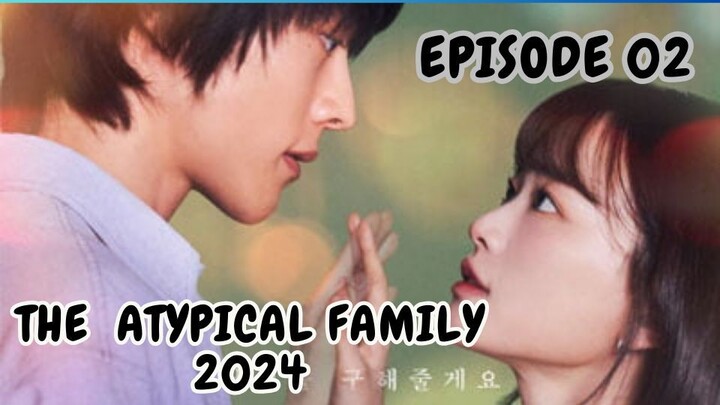The Atypical Family (2024) Eng sub  Episode 2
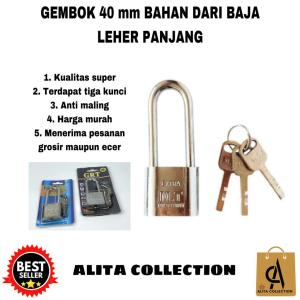 GEMBOK 40 MM LEHER PANJANG PENGUNCI PAGAR PINTU RUMAH HARGA MURAH BERKUALITAS BAHAN BESI TEBAL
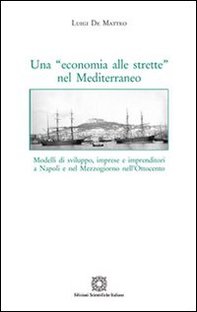 Una «economia alle strette» nel Mediterraneo. Modelli di sviluppo, imprese e imprenditori a Napoli e nel Mezzogiorno nell'Ottocento - Librerie.coop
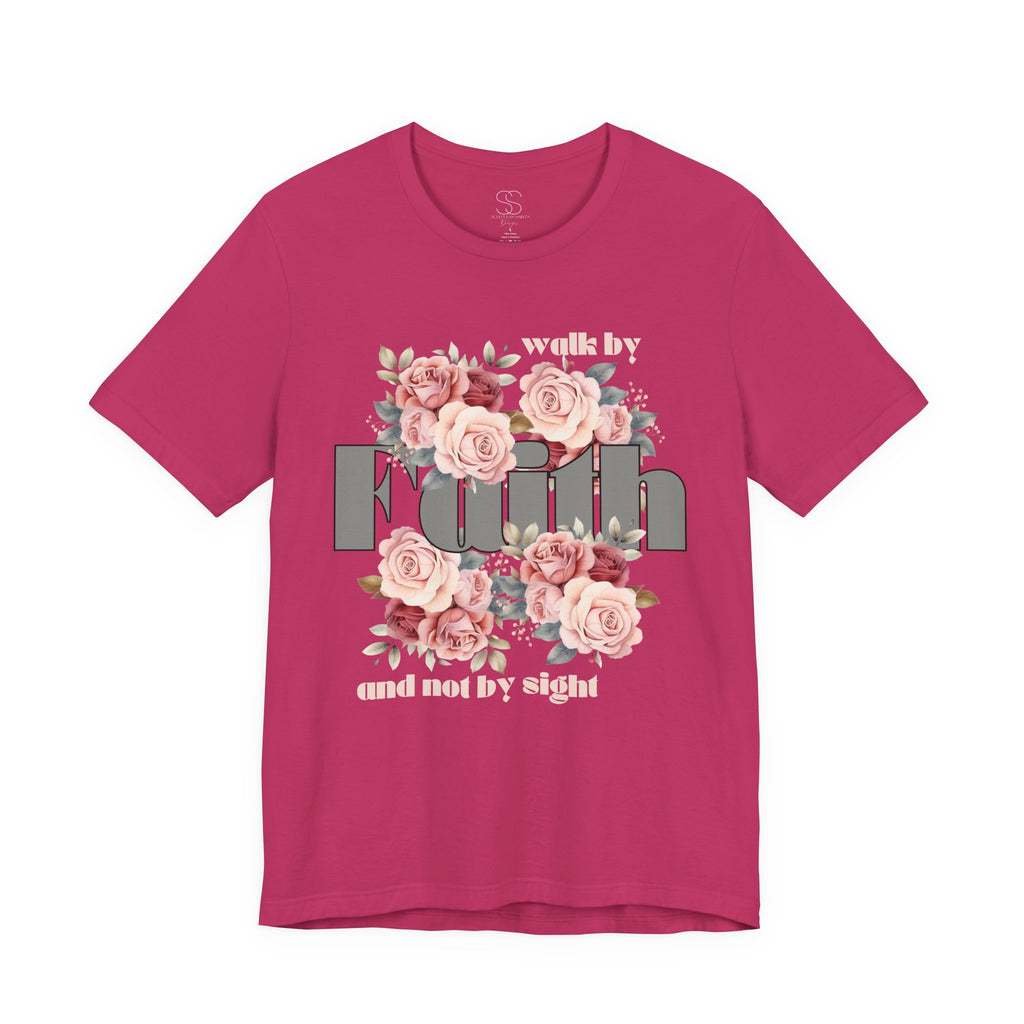 Faith Floral Tee — “Walk by Faith and Not by Sight” Inspirational T‑Shirt
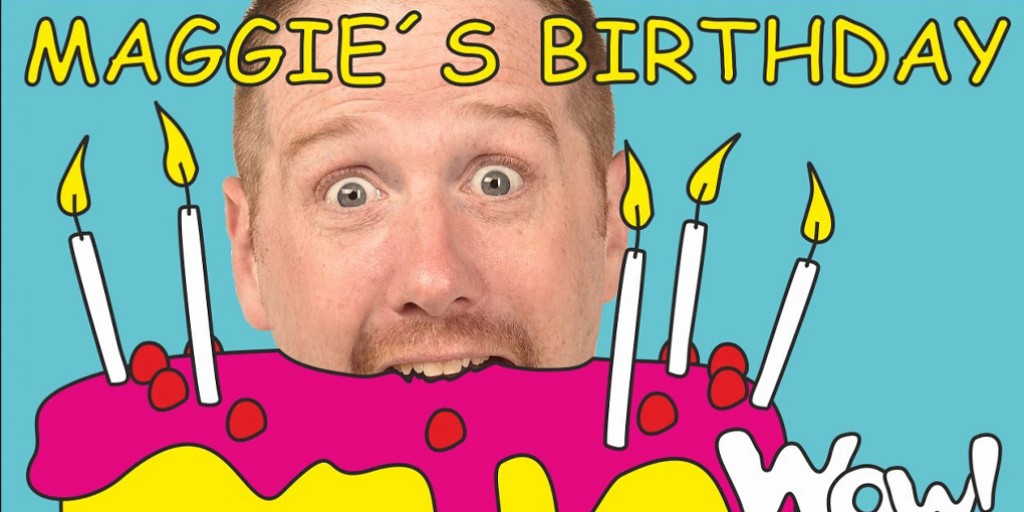 Steve and Maggie - Maggie's Birthday Story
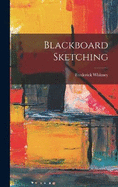 Blackboard Sketching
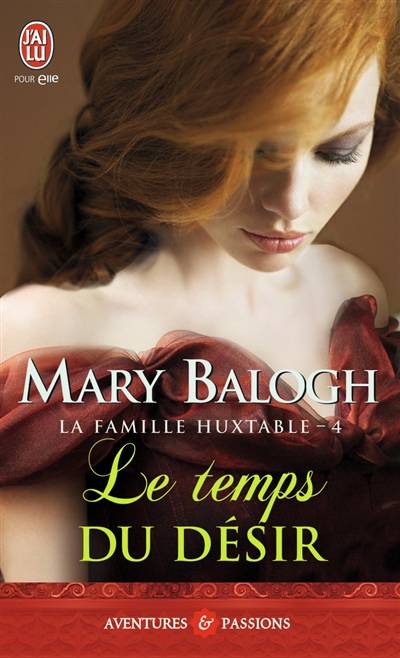 La famille Huxtable. Vol. 4. Le temps du désir | Mary Balogh, Sophie Pertus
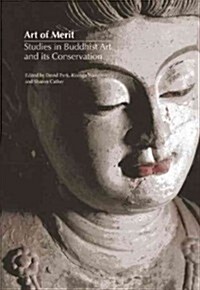 Art of Merit: Studies in Buddhist Art and Its Conservation (Hardcover)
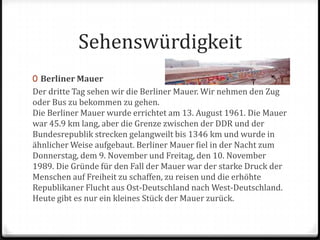 SehenswürdigkeitBerliner MauerDer dritte Tag sehen wir die Berliner Mauer. Wir nehmen den Zug oder Bus zu bekommen zu gehen.Die Berliner Mauer wurde errichtet am 13. August 1961. Die Mauer war 45.9 km lang, aber die Grenze zwischen der DDR und der Bundesrepublik strecken gelangweilt bis 1346 km und wurde in ähnlicher Weise aufgebaut. Berliner Mauer fiel in der Nacht zum Donnerstag, dem 9. November und Freitag, den 10. November 1989. Die Gründe für den Fall der Mauer war der starke Druck der Menschen auf Freiheit zu schaffen, zu reisen und die erhöhte Republikaner Flucht aus Ost-Deutschland nach West-Deutschland.Heute gibt es nur ein kleines Stück der Mauer zurück.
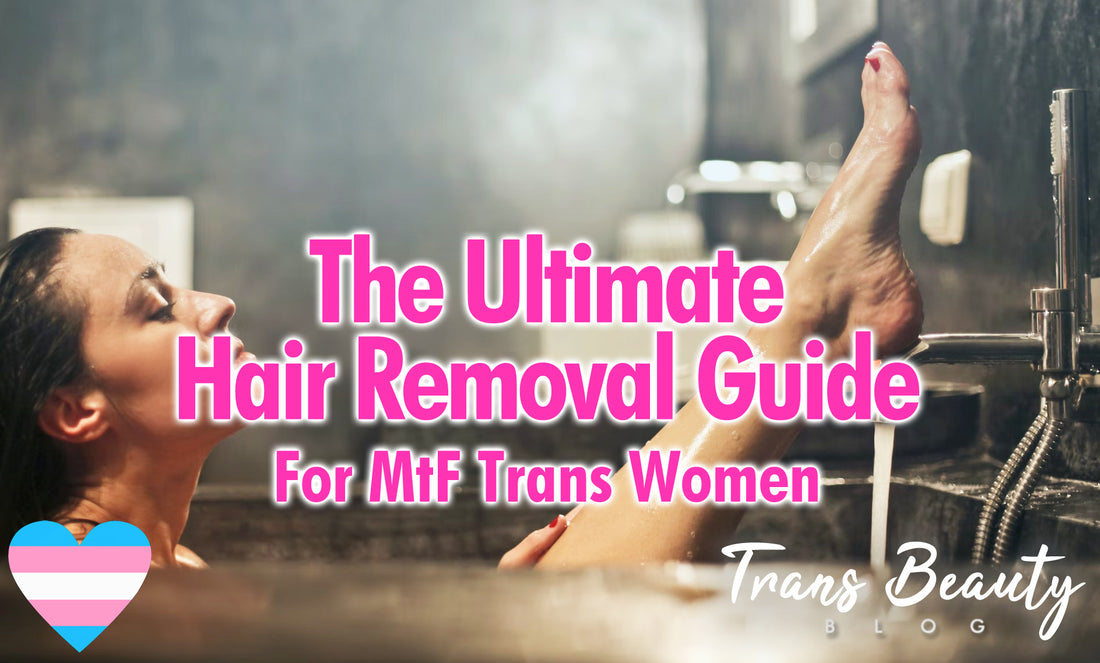 Ultimate MtF Hair Removal Guide | Transgender Woman Tips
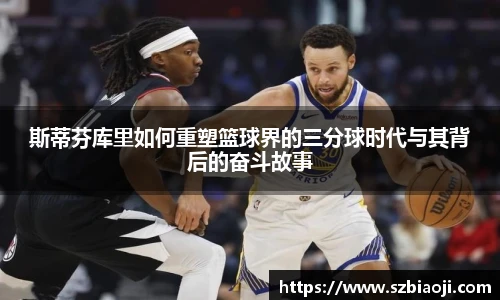 斯蒂芬库里如何重塑篮球界的三分球时代与其背后的奋斗故事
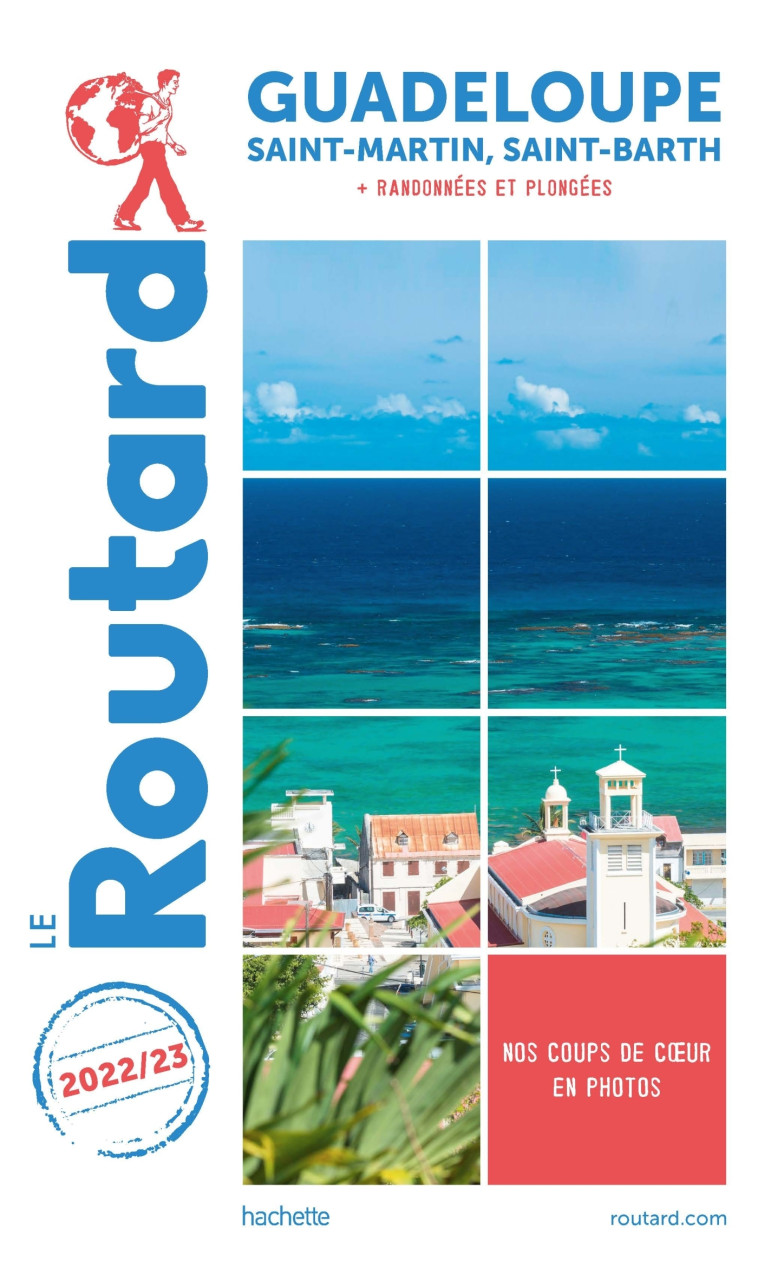 GUIDE DU ROUTARD GUADELOUPE 2022/23 - XXX - HACHETTE TOURI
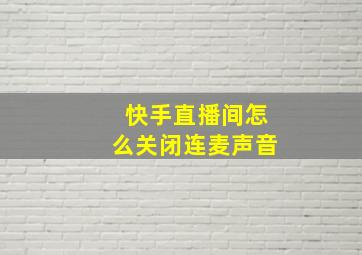 快手直播间怎么关闭连麦声音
=-=-=-=-=
Work instruction | Each line from the top of the material through the line containing "Art of Merit: Studies" should be reproduced exactly; please drop any images.

Written solution |
The Atypical Family (2024) Eng sub  Episode 2
 GEMBOK 40 MM LEHER PANJANG PENGUNCI PAGAR PINTU RUMAH HARGA MURAH BERKUALITAS BAHAN BESI TEBAL
 Una «economia alle strette» nel Mediterraneo. Modelli di sviluppo, imprese e imprenditori a Napoli e nel Mezzogiorno nell'Ottocento - Librerie.coop
 Faith Floral Tee — “Walk by Faith and Not by Sight” Inspirational T‑Shirt
 Steve and Maggie - Maggie's Birthday Story
 Blackboard Sketching
 La famille Huxtable. Vol. 4. Le temps du désir | Mary Balogh, Sophie Pertus
 Art of Merit: Studies in Buddhist Art and Its Conservation (Hardcover)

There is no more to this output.